With a cast of four singers it was perhaps tempting simply to produce Il Trionfo as a domestic entertainment, but the performers made of it something rather operatic and dramatic in as far as its straightforward sequence of da capo arias (and occasional ensembles) and recitatives allows. The experience was rewarding and stimulating. Only 22 when he wrote it, Handel’s music was composed to impress his Italian patrons. The vocal virtuosity required was flawlessly realised and imbued with a credible personality. The ultimate moral of the story is that Time’s rule in this mortal life cannot be avoided, but the drama follows Beauty’s fraught deliberations as she tries to choose between a life lived to the selfish dictates of pleasure, or one that acknowledges humankind’s limitations.

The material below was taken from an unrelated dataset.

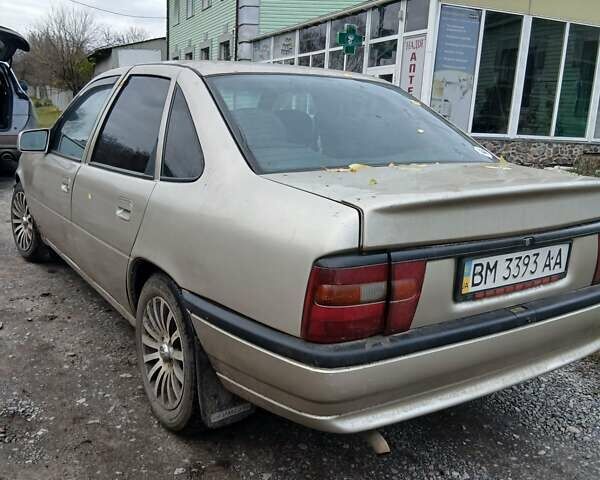 Бежевый Опель Вектра, объемом двигателя 2 л и пробегом 360 тыс. км за 1800 $, фото 3 на Automoto.ua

In Augusta Hebbert’s portrayal of Beauty we heard her move from naïve enjoyment in her youth and prettiness – even teasing Time and Enlightenment as to whether they have any power over her – through the frustrations of choosing between Pleasure or Time, and to humble submission to the truth revealed to her. In a sense we witness Beauty’s new-found illumination over her former deluded worldview, and its culmination was realised by Hebbert’s ascending the pulpit to sing a radiant ‘Tu del Ciel’, one of the most ravishing arias (so tenderly simple and direct) that Handel ever wrote. As Pleasure, Hannah Sandison gave a veneer of specious opulence to the music, designed to ensure that Beauty would remain ensnared by her charms. Her singing was captivating when Pleasure was on the offensive, working particularly well in tandem with the chamber-organ continuo accompaniment in ‘Un leggiadro’. But chameleon-like, she appeared in a dangerously different musical guise in ‘Fosco genio’ when warning Beauty of the gloominess that would descend if she were to banish Pleasure. And yet there was a further insight into Pleasure’s character with the introduction of anguish and regret in ‘Tu giurasti di mai’, in which she berates Beauty for leaving her.

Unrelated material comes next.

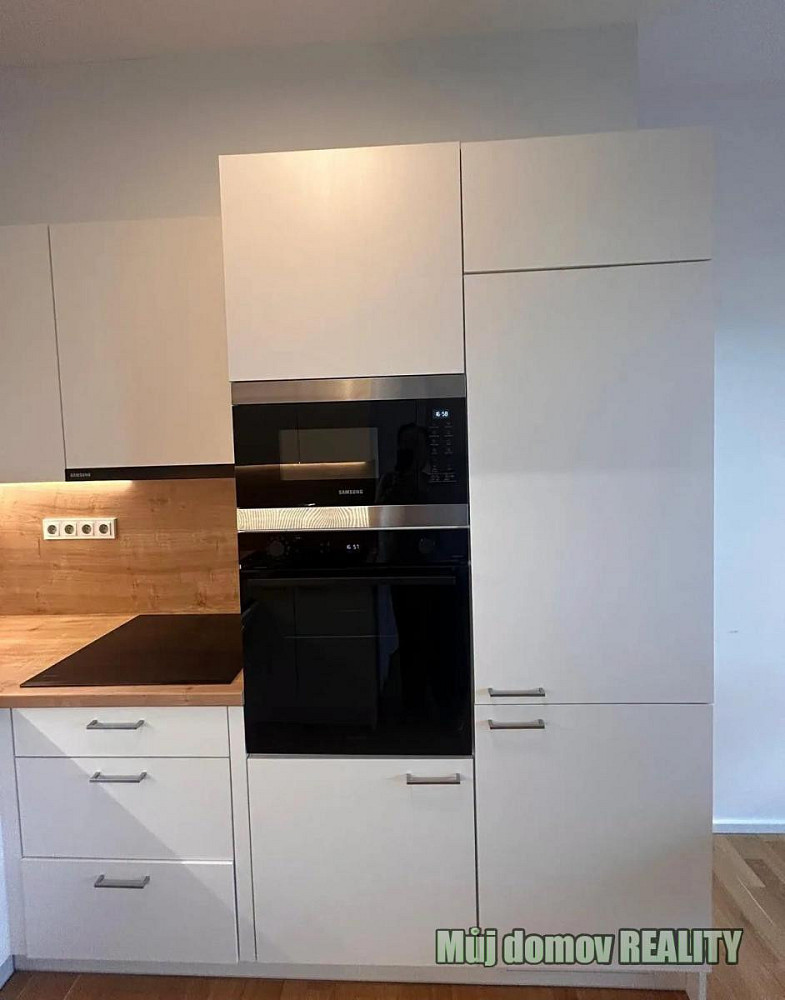 Pronájem bytu 2+kk 53 m² — photo 3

Samuel John Furness gave a commanding rendition of Time, a stern, didactic character that Furness brought out with considerable force, at times having almost the weight of a bass instead of the tenor he is. However he did not provide a one-dimensional account of the role, but brought out other aspects: even in the recitative that opens the Second Part, where Time discloses to Beauty what Truth entails, Furness sang his lines with thoughtfulness and gravity instead of admonishment. Two of the oratorio’s highlights are reserved for Enlightenment, the luscious arias ‘Crede l’uom’ and ‘Più non cura’, both of which feature recorders. Countertenor Christopher Lowrey rendered the yearning simplicity of their melodic lines to perfection, with no breaks between notes. Enlightenment rather functions as the go-between from Time to Beauty, and with his equally beguiling music it is no wonder Beauty should find it such a difficult choice to make. Lowrey rightly sang with a more-chaste and temperate sense of refinement than Pleasure, and so there was a genuine choice. Lowrey’s voice has a bright and rounded vibrato that reminds of Derek Lee Ragin’s, one of Lowrey’s teachers.

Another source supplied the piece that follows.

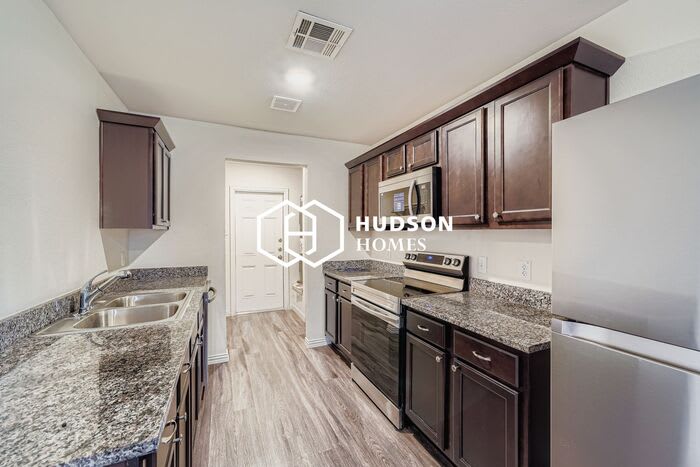 2318 North 15th A Street – photo 5
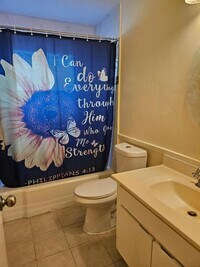 7823 Barberton Dr photo'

The performance was not staged explicitly, but there were telling gestures among the soloists. The setting of St George’s (Handel’s parish church) gave solemnity to this morality. Indispensable was David Bates’s direction and the dynamic and warm playing of La Nuova Musica, as engaged with the music as the singers. Rarely can such moralising have been so enchanting!